研究紀要第122号 「「生きる力」をはぐくむ教育課程に関する研究」 -008/076page
(オ)「総合的な学習の時間」の実践に関する重要事項について
次の調査として,「総合的な学習の時間」を実践していく上でどのようなことが重要だと考えているか11の項目を示して尋ねてみた。
「前期」「後期」とも「―人―人の教職員が学習の意義や目的を明確にする」「学習活動の内容を選択,重点化し,自校の実態に合うようにする」を重要な要素として挙げている。その中で「後期」の特徴として「児童生徒が互いに自由に話し合い,課題解決への意欲を高めるような学校風土をつくる」「日頃から教師の協同による授業づくりを実践する」の割合が増加している。
(カ)移行期における「総合的な学習の時間」の実施について
平成12年度からの移行期に関して「総合的な学習の時間」を実施するかどうか尋ねた。それによると,調査対象の小学校では,全学校で「実施する」と答えた。中学校でもほぼ全学校で実施の予定である。それに対して,高等学校ではほとんどが「実施しない」と回答し実施に慎重な姿勢を示した。

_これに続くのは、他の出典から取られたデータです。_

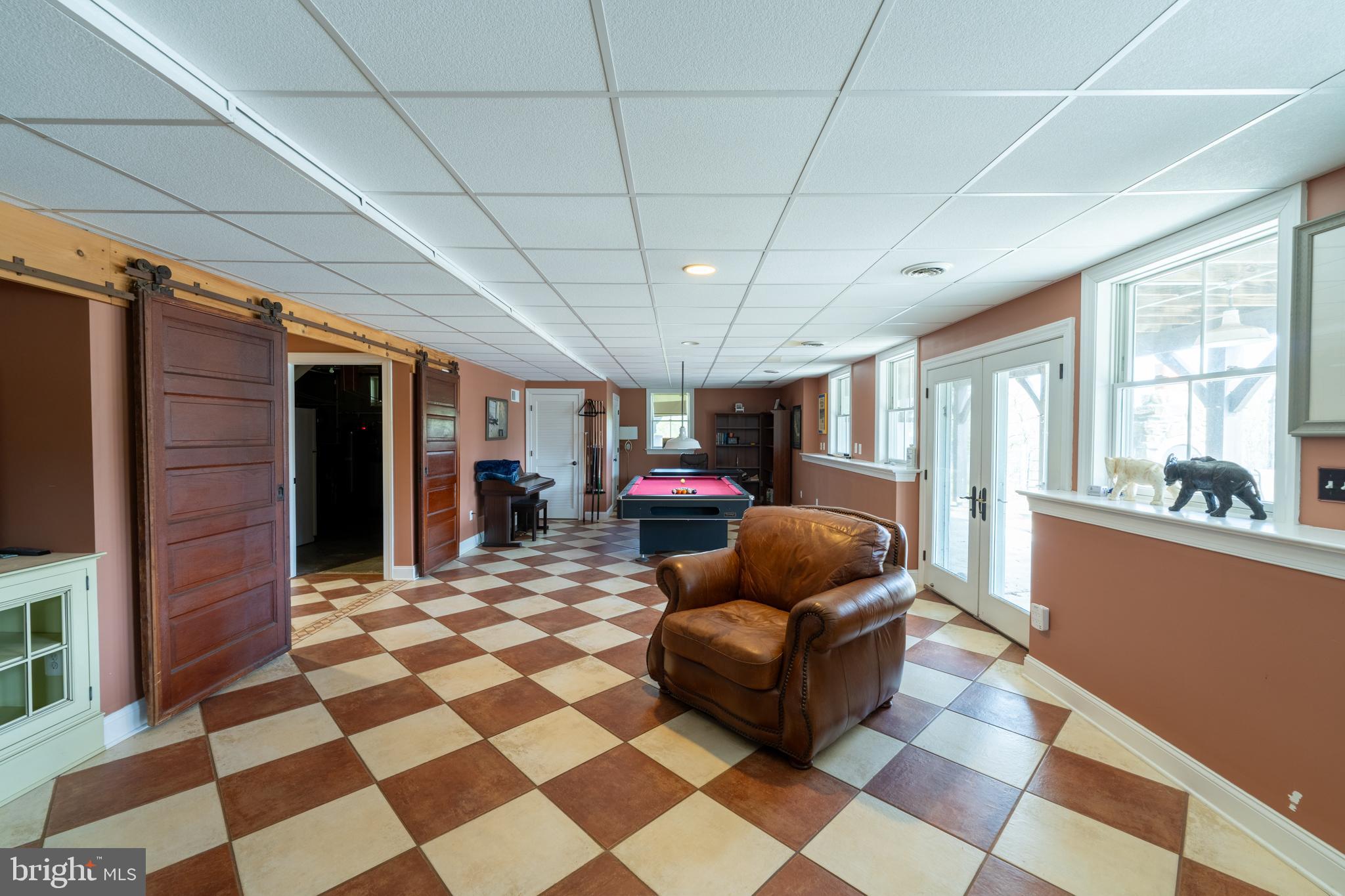 5727 Telegraph Road Elkton, MD 21921 - Photo 52 of 93 a living room with furniture and a flat screen tv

また,実施予定の小学校,中学校で,どの程度の時間数を計上する予定か尋ねた。その結果,小学校では35時間程度が最も多く,次いでその倍の70時間程度となった。中学校では,全学校で35時間以下にとどまり,平成12年度は比較的少ない時間数で実施しようとする傾向がうかがえる。
実施方法については,「―時期に集中して実施する」学校が小学校,中学校とも多く,「その他」では,「『年間を通して実施』と『―時期に集中して実施』を併用して実施する」や「1学期と2学期だけ実施する」といった学校もある。
(3)まとめ
実態調査の結果,各学校では「総合的な学習の時間」の実施に向けて課題意識を持ちながら,完全実施に向けて着実な取り組みがなされていることがわかった。
しかし,実施に向けて解決しなければならない様々な問題も指摘されている。調査の自由記述箇所にも「教科の学習の定着」「個に応じた指導」「予算,経費の問題」「地域の人材の活用」「施設等での受け入れの問題」などが挙げられていた。
今後,移行期に実践を重ねながら,明らかになった問題点の解決に取り組んでいくものと思われる。